* THE PROBLEM
Keep every character as it is and output all of the records.

[Extracted data entries]

>>>

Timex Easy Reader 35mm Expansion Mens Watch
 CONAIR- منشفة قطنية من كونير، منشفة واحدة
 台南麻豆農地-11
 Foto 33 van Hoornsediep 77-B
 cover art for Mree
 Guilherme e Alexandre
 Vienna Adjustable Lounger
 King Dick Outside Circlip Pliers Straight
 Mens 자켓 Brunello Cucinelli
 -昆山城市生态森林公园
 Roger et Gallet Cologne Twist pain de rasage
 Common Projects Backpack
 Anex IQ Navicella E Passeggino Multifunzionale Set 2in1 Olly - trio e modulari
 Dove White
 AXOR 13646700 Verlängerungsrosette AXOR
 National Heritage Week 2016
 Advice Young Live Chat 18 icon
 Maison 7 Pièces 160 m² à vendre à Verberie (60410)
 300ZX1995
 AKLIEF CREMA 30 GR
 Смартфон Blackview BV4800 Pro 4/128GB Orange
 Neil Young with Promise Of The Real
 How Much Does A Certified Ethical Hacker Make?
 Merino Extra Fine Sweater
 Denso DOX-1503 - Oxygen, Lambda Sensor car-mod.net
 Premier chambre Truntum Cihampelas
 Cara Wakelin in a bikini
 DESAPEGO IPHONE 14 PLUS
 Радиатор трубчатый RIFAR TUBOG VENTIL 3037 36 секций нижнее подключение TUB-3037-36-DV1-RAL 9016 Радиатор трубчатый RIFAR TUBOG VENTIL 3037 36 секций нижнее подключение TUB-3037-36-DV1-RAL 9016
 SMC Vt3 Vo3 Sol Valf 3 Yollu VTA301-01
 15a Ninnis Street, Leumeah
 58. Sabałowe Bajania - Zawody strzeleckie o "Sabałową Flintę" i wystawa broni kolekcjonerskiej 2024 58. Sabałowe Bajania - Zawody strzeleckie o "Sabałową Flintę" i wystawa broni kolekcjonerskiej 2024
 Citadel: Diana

<<<

* TASK SOLUTION
Timex Easy Reader 35mm Expansion Mens Watch
 CONAIR- منشفة قطنية من كونير، منشفة واحدة
 台南麻豆農地-11
 Foto 33 van Hoornsediep 77-B
 cover art for Mree
 Guilherme e Alexandre
 Vienna Adjustable Lounger
 King Dick Outside Circlip Pliers Straight
 Mens 자켓 Brunello Cucinelli
 -昆山城市生态森林公园
 Roger et Gallet Cologne Twist pain de rasage
 Common Projects Backpack
 Anex IQ Navicella E Passeggino Multifunzionale Set 2in1 Olly - trio e modulari
 Dove White
 AXOR 13646700 Verlängerungsrosette AXOR
 National Heritage Week 2016
 Advice Young Live Chat 18 icon
 Maison 7 Pièces 160 m² à vendre à Verberie (60410)
 300ZX1995
 AKLIEF CREMA 30 GR
 Смартфон Blackview BV4800 Pro 4/128GB Orange
 Neil Young with Promise Of The Real
 How Much Does A Certified Ethical Hacker Make?
 Merino Extra Fine Sweater
 Denso DOX-1503 - Oxygen, Lambda Sensor car-mod.net
 Premier chambre Truntum Cihampelas
 Cara Wakelin in a bikini
 DESAPEGO IPHONE 14 PLUS
 Радиатор трубчатый RIFAR TUBOG VENTIL 3037 36 секций нижнее подключение TUB-3037-36-DV1-RAL 9016 Радиатор трубчатый RIFAR TUBOG VENTIL 3037 36 секций нижнее подключение TUB-3037-36-DV1-RAL 9016
 SMC Vt3 Vo3 Sol Valf 3 Yollu VTA301-01
 15a Ninnis Street, Leumeah
 58. Sabałowe Bajania - Zawody strzeleckie o "Sabałową Flintę" i wystawa broni kolekcjonerskiej 2024 58. Sabałowe Bajania - Zawody strzeleckie o "Sabałową Flintę" i wystawa broni kolekcjonerskiej 2024
 Citadel: Diana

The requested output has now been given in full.